The problem
I frequently work with 3D models in the web and therefore with .gltf or .glb files. These formats are the best choice for compressing and optimizing models for the web but they still seem to lack support in operating systems and their file managers. That is also the case for the preview icons. For example, that's how a .gltf file shows up in my file manager in Fedora 38 (Nautilus):
That's a very bad icon for files. It's blurry, shows a warning symbol and does not really represent the file contents.
I was wondering if it's possible to change icons for specific file types (also called MIME types) and as it turns out, it's possible on Linux!
What to do
First, it's important to make the file extension known to the operating system.
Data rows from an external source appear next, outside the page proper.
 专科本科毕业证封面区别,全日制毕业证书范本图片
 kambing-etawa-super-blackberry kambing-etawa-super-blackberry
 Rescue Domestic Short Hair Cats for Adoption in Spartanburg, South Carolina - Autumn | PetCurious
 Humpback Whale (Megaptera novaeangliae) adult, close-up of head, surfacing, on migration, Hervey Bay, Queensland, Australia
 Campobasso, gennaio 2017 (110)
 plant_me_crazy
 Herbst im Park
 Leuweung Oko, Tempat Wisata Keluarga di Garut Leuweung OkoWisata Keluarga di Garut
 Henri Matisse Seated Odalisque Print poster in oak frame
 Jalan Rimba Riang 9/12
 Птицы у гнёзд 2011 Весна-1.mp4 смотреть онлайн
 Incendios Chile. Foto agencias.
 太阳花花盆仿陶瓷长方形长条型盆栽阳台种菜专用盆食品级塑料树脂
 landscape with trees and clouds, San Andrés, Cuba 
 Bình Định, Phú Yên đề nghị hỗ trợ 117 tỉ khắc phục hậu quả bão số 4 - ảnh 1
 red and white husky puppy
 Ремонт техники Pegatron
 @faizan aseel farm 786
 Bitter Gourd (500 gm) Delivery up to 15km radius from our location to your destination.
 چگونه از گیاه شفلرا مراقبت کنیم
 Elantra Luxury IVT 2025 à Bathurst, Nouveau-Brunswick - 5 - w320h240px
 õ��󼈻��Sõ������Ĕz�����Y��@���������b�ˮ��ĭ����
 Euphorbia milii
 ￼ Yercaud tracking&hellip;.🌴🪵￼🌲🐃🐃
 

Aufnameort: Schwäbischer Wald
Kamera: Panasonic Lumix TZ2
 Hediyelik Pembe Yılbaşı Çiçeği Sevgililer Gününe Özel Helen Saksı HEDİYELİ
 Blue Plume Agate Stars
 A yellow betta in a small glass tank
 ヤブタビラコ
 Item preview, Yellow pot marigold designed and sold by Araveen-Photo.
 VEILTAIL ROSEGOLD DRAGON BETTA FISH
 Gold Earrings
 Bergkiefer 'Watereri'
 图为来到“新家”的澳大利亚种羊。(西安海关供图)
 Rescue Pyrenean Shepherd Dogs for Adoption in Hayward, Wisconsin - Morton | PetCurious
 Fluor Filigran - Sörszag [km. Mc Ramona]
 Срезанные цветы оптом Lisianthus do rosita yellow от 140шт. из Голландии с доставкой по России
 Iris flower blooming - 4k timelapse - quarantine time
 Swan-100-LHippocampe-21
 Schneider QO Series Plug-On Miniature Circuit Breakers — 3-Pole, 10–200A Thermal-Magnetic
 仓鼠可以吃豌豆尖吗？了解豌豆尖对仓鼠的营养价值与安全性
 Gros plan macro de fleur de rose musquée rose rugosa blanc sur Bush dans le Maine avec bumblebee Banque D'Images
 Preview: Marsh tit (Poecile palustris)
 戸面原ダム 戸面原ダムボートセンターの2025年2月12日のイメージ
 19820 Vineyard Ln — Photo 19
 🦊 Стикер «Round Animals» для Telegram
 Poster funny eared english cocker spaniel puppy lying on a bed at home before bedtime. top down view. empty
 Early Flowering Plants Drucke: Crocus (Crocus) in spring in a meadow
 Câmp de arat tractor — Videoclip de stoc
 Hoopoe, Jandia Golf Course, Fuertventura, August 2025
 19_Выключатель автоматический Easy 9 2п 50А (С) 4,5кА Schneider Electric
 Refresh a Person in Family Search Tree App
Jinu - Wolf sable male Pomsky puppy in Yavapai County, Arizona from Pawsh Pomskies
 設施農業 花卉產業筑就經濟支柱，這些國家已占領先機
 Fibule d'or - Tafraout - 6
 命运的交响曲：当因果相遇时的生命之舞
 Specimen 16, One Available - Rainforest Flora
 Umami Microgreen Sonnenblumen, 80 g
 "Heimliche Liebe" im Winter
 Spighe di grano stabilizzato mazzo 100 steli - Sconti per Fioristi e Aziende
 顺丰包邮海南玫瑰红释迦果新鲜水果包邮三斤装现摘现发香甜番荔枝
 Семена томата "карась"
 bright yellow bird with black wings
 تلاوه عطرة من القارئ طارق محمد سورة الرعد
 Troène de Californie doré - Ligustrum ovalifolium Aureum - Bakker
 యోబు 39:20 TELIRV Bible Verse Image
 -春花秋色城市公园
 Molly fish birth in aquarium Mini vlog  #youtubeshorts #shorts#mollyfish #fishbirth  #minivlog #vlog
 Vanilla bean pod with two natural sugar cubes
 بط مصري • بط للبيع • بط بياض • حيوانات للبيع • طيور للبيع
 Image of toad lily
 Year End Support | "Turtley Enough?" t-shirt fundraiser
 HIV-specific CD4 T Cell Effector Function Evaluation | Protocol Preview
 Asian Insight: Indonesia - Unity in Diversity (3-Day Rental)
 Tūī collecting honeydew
You can find existing custom definitions for all users in the /usr/share/mime/packages
folder:
Notice the gltf.xml
and glb.xml
files? For every file type you want to add a custom icon to you need to add a corresponding .xml
file. Let's look at the glb.xml
file for reference:
<?xml version="1.0" encoding="UTF-8"?>
<mime-info xmlns='http://www.freedesktop.org/standards/shared-mime-info'>
<mime-type type="model/gltf-binary">
<comment>glTF Binary Format MIME Type</comment>
<glob pattern="*.glb"/>
</mime-type>
</mime-info>
The important part is the <mime-type type="model/gltf-binary">
and the <glob pattern="*.glb">
line. Add a new file and change the lines according to your MIME type and file extension and also name the file accordingly.
Update the mime database
The next step is to update the mime database to give your defined MIME types to files ending with .glb or .gltf.
You can do that with:
sudo update-mime-database /usr/share/mime
This will generate a folder with your MIME type xml definition in /usr/share/mime/
, so for .glb
and .gltf
it will create the following files:
luca@carbon /usr/share/mime $ tree model
model
├── 3mf.xml
├── gltf-binary.xml
├── gltf+json.xml
└── ...
1 directory, 4 files
Add the icons to your file types
The final step is getting your .svg icon ready and connect it to your MIME type. Copy your svg icon to /usr/share/icons/hicolor/scalable/mimetypes/<mimetype-group>-<mimetype>.svg
. For .glb the mimetype-group would be model
and the mimetype would be gltf-binary
, resulting in this line for the whole filepath:
/usr/share/icons/hicolor/scalable/mimetypes/model-binary-gltf.svg
Now you just need to update your icon database with sudo update-icon-caches /usr/share/icons/*
on Debian/Ubuntu or sudo gtk-update-icon-cache /usr/share/icons/*
on Fedora. You may need to restart you system to get the icon to show up.